Github user gvramana commented on a diff in the pull request:
https://github.com/apache/carbondata/pull/2273#discussion_r187071062
--- Diff:
hadoop/src/main/java/org/apache/carbondata/hadoop/api/CarbonTableInputFormat.java
---
@@ -151,6 +154,33 @@ public CarbonTable
getOrCreateCarbonTable(Configuration configuration) throws IO
SegmentStatusManager segmentStatusManager = new
SegmentStatusManager(identifier);
SegmentStatusManager.ValidAndInvalidSegmentsInfo segments =
segmentStatusManager
.getValidAndInvalidSegments(loadMetadataDetails,
this.readCommittedScope);
+
+ // For NonTransactional table, compare the schema of all index files
with inferred schema.
+ // If there is a mismatch throw exception.

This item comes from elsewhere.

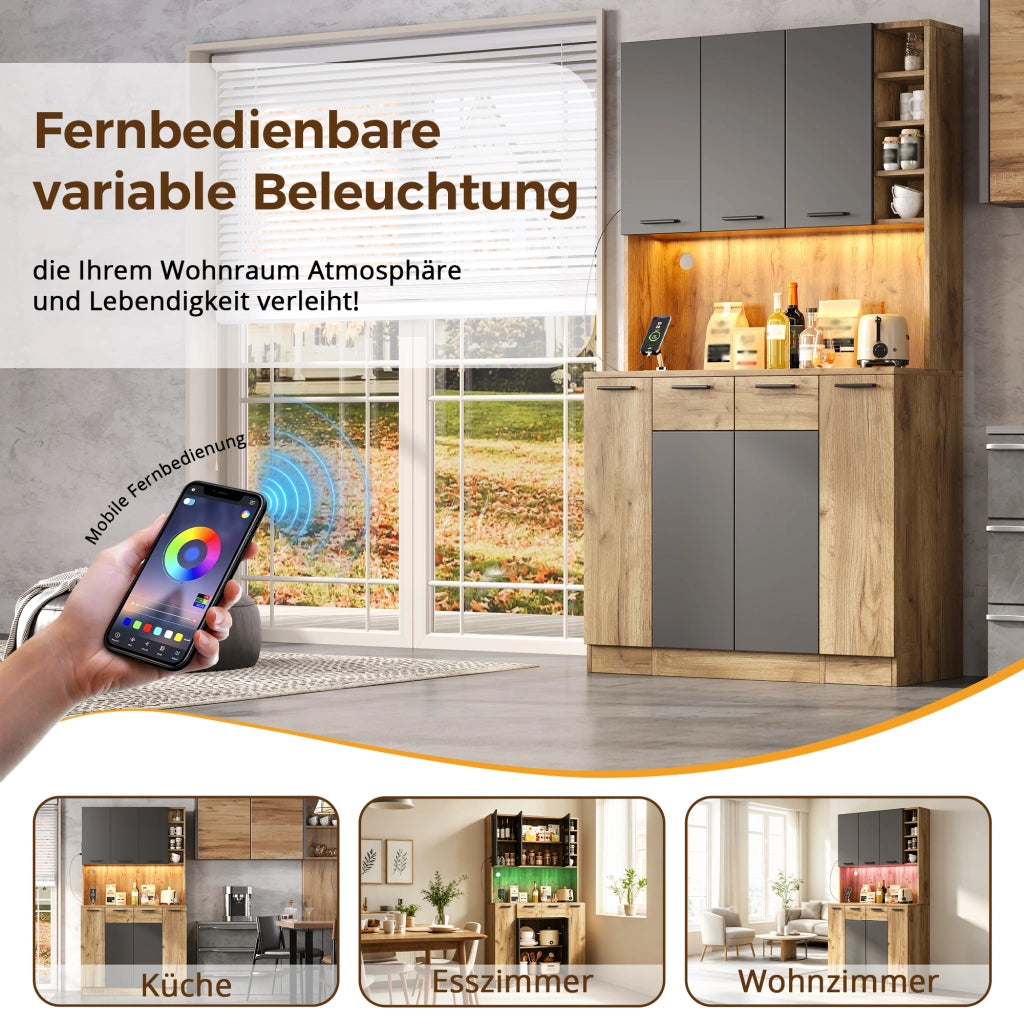 ARMADIO DA CUCINA 100x40x180 cm MDF Nero/Naturale con LED e prese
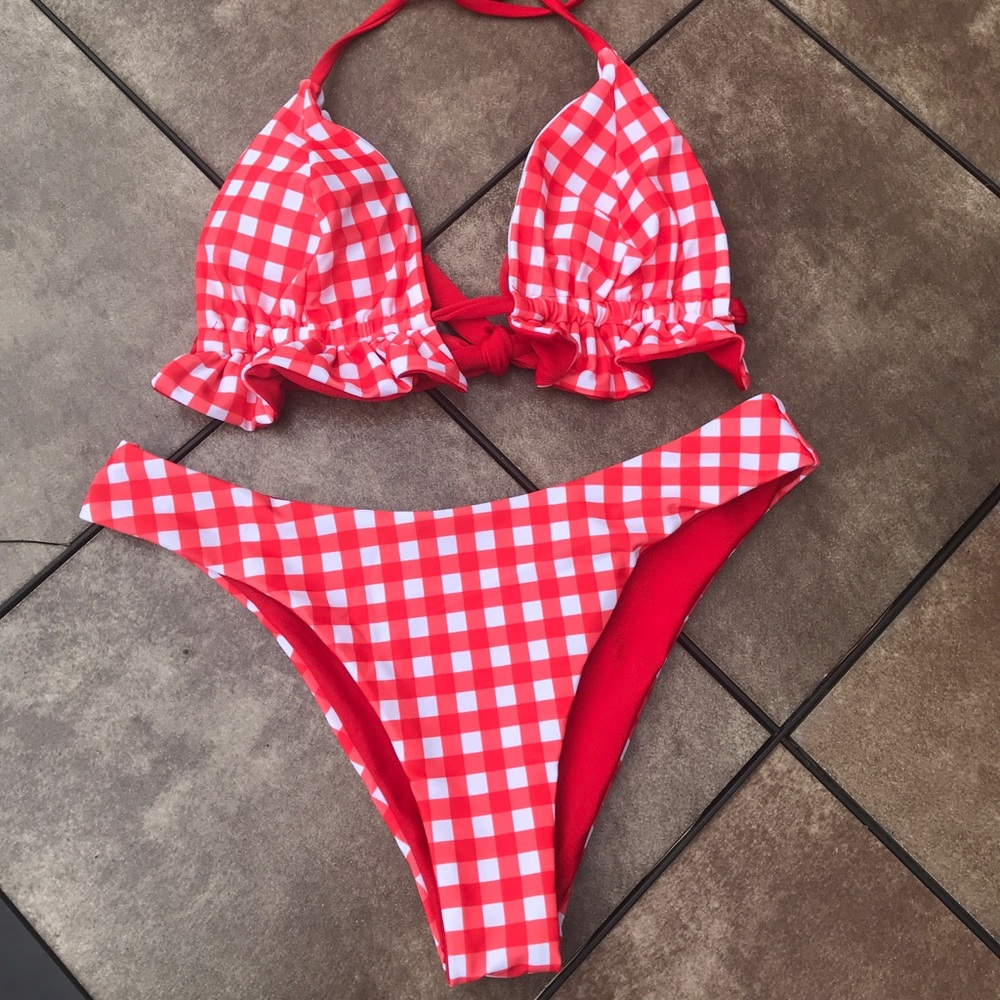 Red gingham bikini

As all files must be of
same schema.
+ if (!carbonTable.getTableInfo().isTransactionalTable()) {
+ SchemaConverter schemaConverter = new
ThriftWrapperSchemaConverterImpl();
+ for (Segment segment : segments.getValidSegments()) {
+ Map<String, String> indexFiles = segment.getCommittedIndexFile();
+ for (Map.Entry<String, String> indexFileEntry :
indexFiles.entrySet()) {
+ Path indexFile = new Path(indexFileEntry.getKey());
+ org.apache.carbondata.format.TableInfo tableInfo =
CarbonUtil.inferSchemaFromIndexFile(
+ indexFile.toString(), carbonTable.getTableName());
+ TableInfo wrapperTableInfo =
schemaConverter.fromExternalToWrapperTableInfo(
+ tableInfo, identifier.getDatabaseName(),
+ identifier.getTableName(),
+ identifier.getTablePath());
+ List<ColumnSchema> indexFileColumnList =
+ wrapperTableInfo.getFactTable().getListOfColumns();
+ List<ColumnSchema> tableColumnList =
+ carbonTable.getTableInfo().getFactTable().getListOfColumns();
+ if (!compareColumnSchemaList(indexFileColumnList,
tableColumnList)) {
+ throw new IOException("All the files schema doesn't match. "
--- End diff --
@kunal642 , @sounakr. Data files should not be skipped, clear error should
be given to user. Otherwise user thinks that result is correct and is computed
considering all files. Along with exception, which file has data mismatch also
needs to be logged for him to analyse further and fix.
later carbon print tool will be provided for him to check schema of each
carbondata file, which will help user to debug problem.
---